Input data START

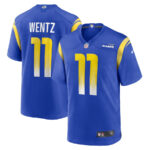 Carson Wentz 11 Los Angeles Rams Game Men Jersey - Royal
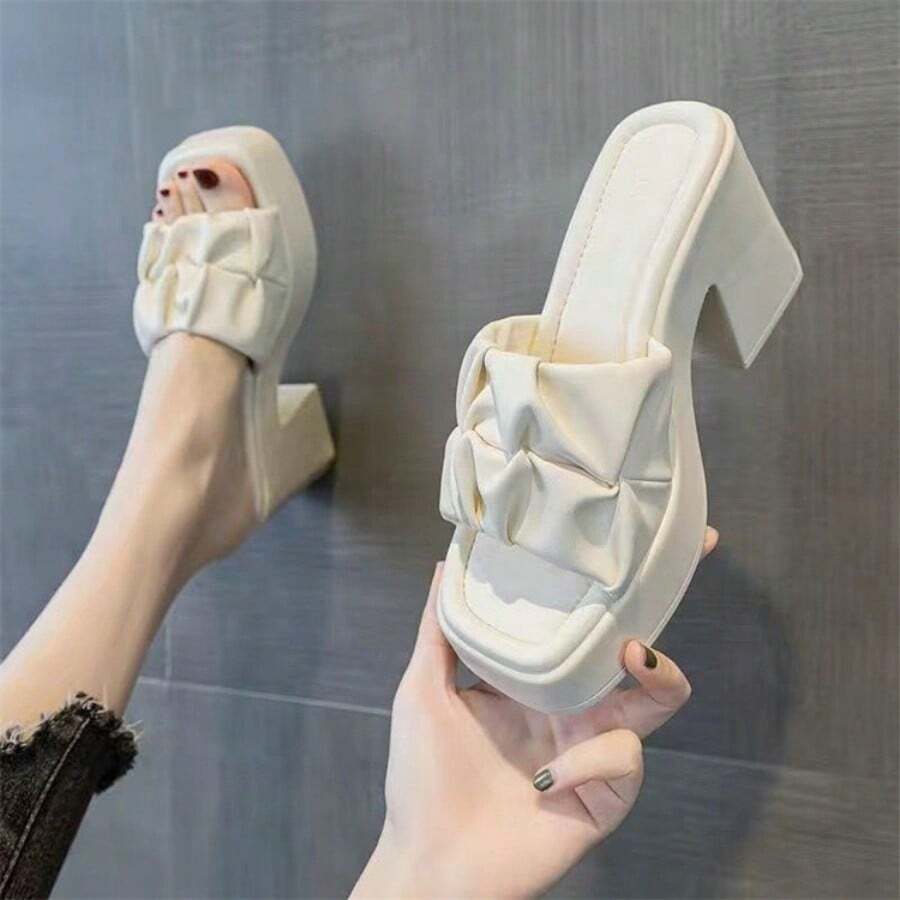 Sandalias de tacón alto para mujeres - Blanco - Ver 1
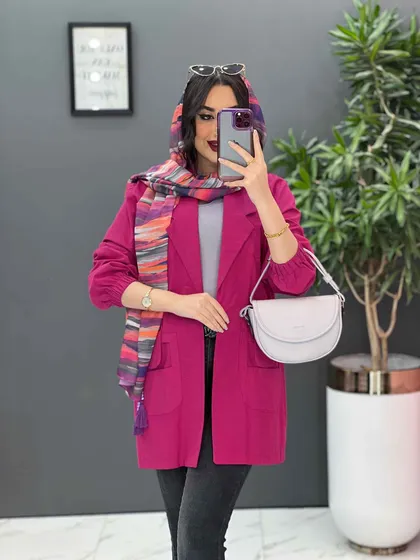 مانتو لینن پشت گت چهار جیب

Input data END

## Exercise instructions:
Please keep every line of the data the same when you reproduce it, and keep every picture out.

## Finished exercise:
 Carson Wentz 11 Los Angeles Rams Game Men Jersey - Royal
 Sandalias de tacón alto para mujeres - Blanco - Ver 1
 مانتو لینن پشت گت چهار جیب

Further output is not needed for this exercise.